Start of INFORMATION PROVIDED

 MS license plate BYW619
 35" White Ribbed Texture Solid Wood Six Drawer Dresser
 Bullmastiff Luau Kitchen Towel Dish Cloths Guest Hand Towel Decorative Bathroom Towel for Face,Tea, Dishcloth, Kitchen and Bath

End of INFORMATION PROVIDED

→ **INSTRUCTIONS TO FOLLOW**:
For this exercise, retype the entire listing exactly.

→ **RESPONSE**:
 MS license plate BYW619
 35" White Ribbed Texture Solid Wood Six Drawer Dresser
 Bullmastiff Luau Kitchen Towel Dish Cloths Guest Hand Towel Decorative Bathroom Towel for Face,Tea, Dishcloth, Kitchen and Bath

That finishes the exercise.